The number of Mac’s that have infected with the Flashback Trojan is already halved this week. According to Symantec there are ‘only’ 270,000 infected Mac’s connected to the Internet, compared with 600,000 last week. This is likely the result of the release of a number of removal tools and updates.
The researchers of Symantec calculated that the number of infected Mac on 11 April dropped from 380,000 to 270,000 the day after. Symantec expects that the decline will continue. Last week DrWeb reported that there were 600,000 Mac’s infected with the Flashback-malware. The Flashback malware is making use of a Java exploit that was already discovered in September last year, it is capable of intercepting passwords and other private data.
Many security companies have released removal tools in the past week, and this is likely the cause of the sudden drop in infected systems. The decline is likely to continue because Apple has released a removal tool on their own yesterday, which removes most variants of the Flashback Trojan and reconfigures java to stop these problems from happening again in the near future. One of the main changes is that Java applets will no longer be automatically executed.

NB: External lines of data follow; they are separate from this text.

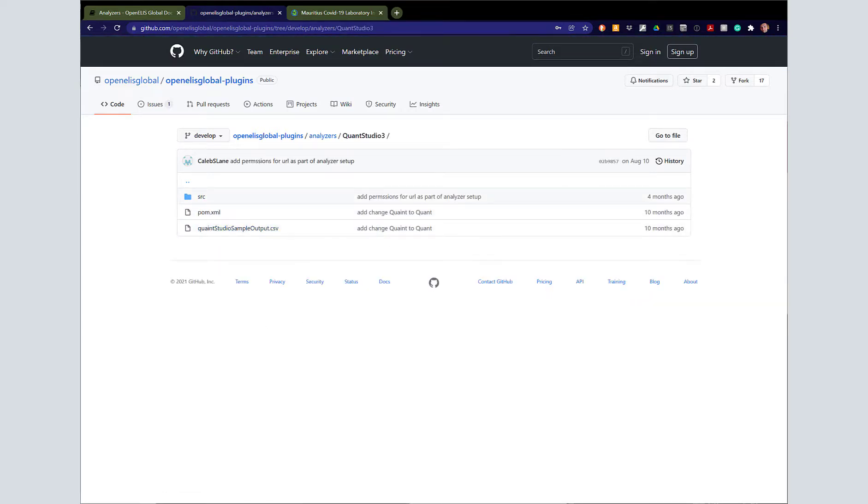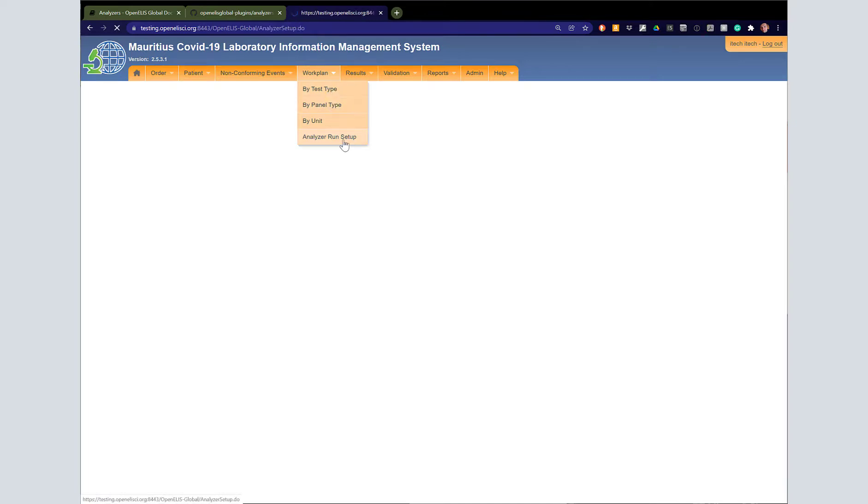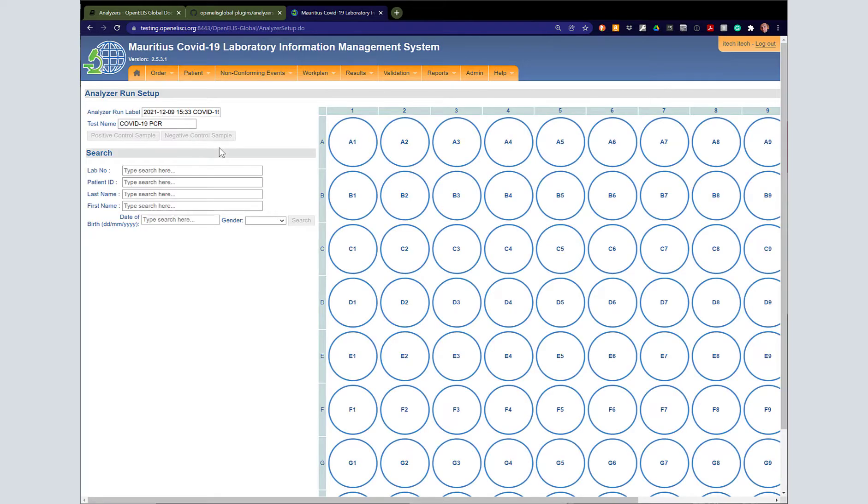Here you can find the QuantStudio plugin where you can compile it, and then you're able to actually do an Analyzer Run setup from within OpenAlice. We'll select QuantStudio 3, which is the same format as QuantStudio 5, the 96 well option.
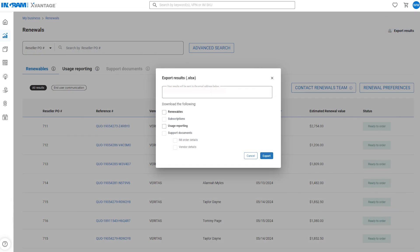And in the top right corner of your screen, the export results button allows you to download reports of your renewables and usage data.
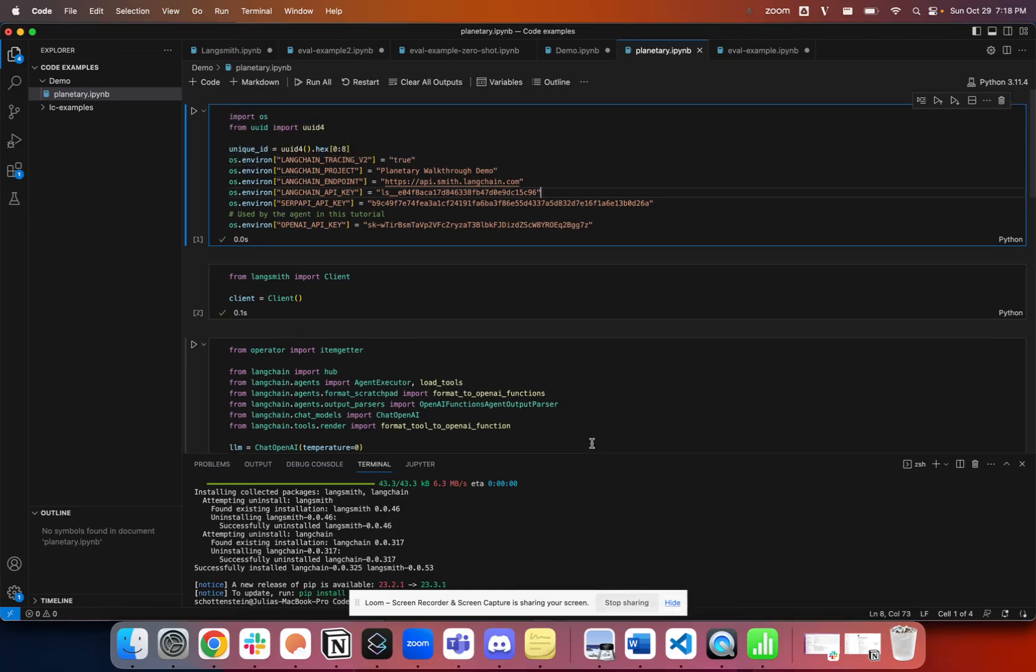In this video, we're going to show you how you can easily send your LinkChain API traces to LinkSmith, our SaaS platform, so you can use those traces to debug, test and evaluate them, and monitor any production application.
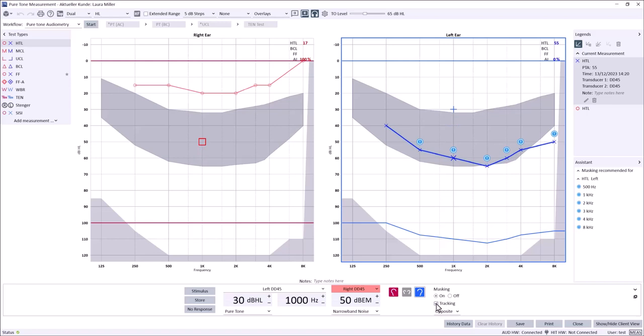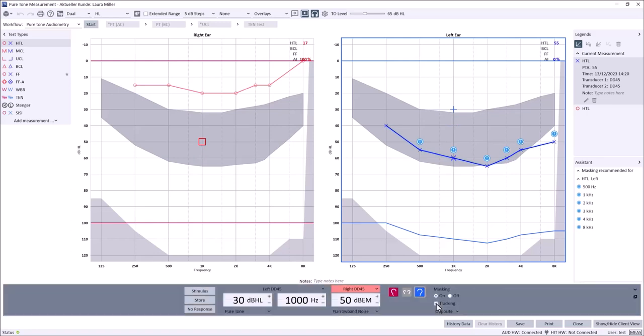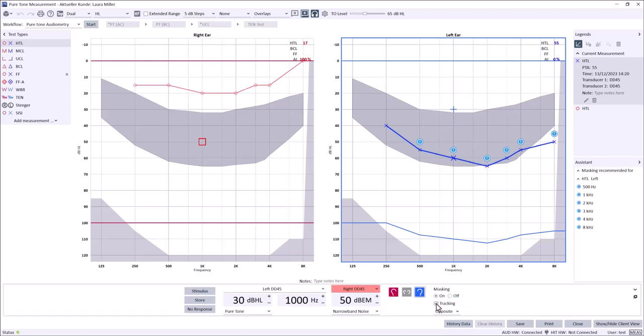By toggling on the tracking feature, masking presentation level will automatically follow your pure tone presentation level as shown here.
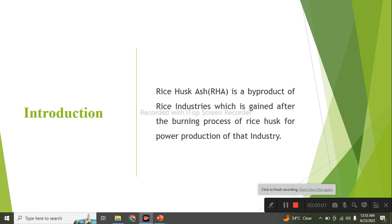Hello, how are you guys? I hope all of you are fine. Our first topic is: what is Rice Husk Ash (RHA)? Rice Husk Ash is a byproduct of rice industries, which is gained after the burning process of rice husk for power production of that industry.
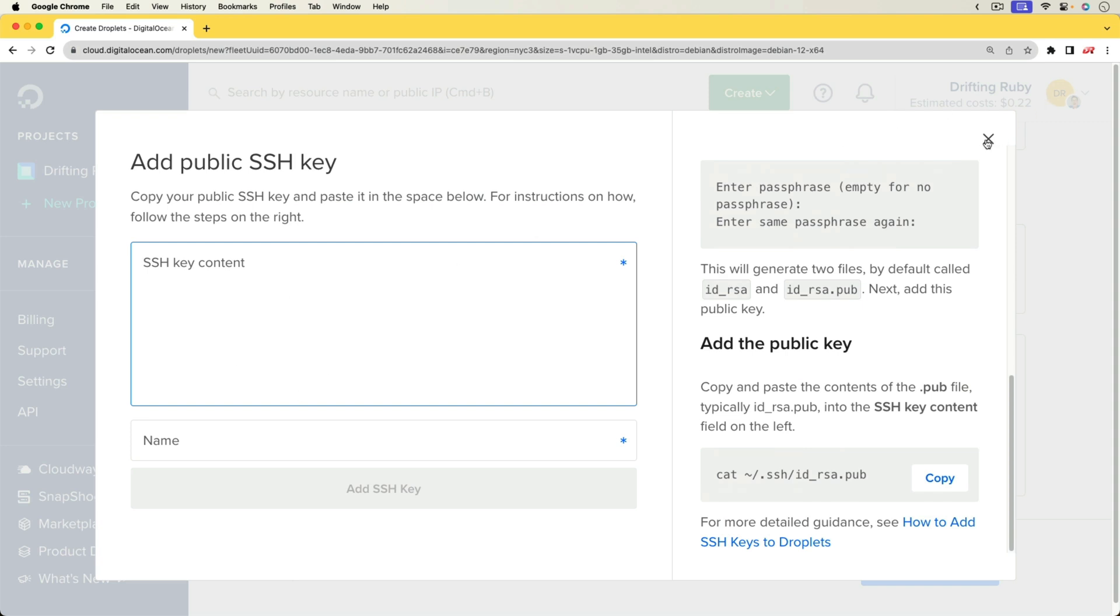I do recommend not using an SSH key that you've been using for other things, as if this is ever compromised or if you ever need to roll the key, then you're going to be able to do that much easier if you don't have to change it in many places.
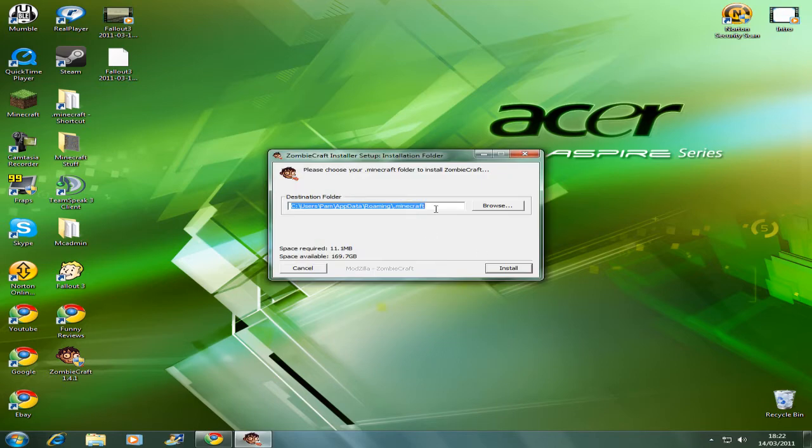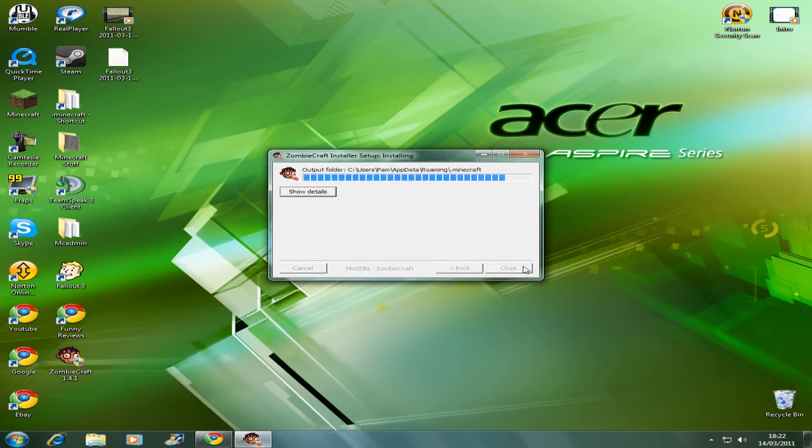Just going to allow that and it doesn't matter what it says up here, it should go to the right place anyway. Click install.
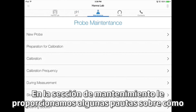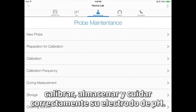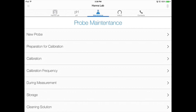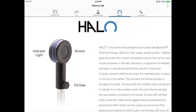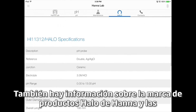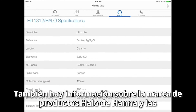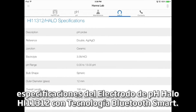In the maintenance section, we provide you with some guidelines on how to properly calibrate, store, and care for your pH electrode. Following these guidelines is important for repeatable and accurate results. There's also information about HANA's HALO brand of products and specifications for the HI11312 HALO pH electrode with Bluetooth smart technology.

Symantec can calculate the number of infected Mac’s by analyzing the botnet-traffic via a so-called sinkhole-domain. Infected systems are trying to contact the management servers that are given out commands. The domain that the researchers are using is a spoofed management service, which is capable of intercepting traffic between the bots. One of the things that the researchers found out is that the malware is using a domain name generator every day to contact the management server through another domain.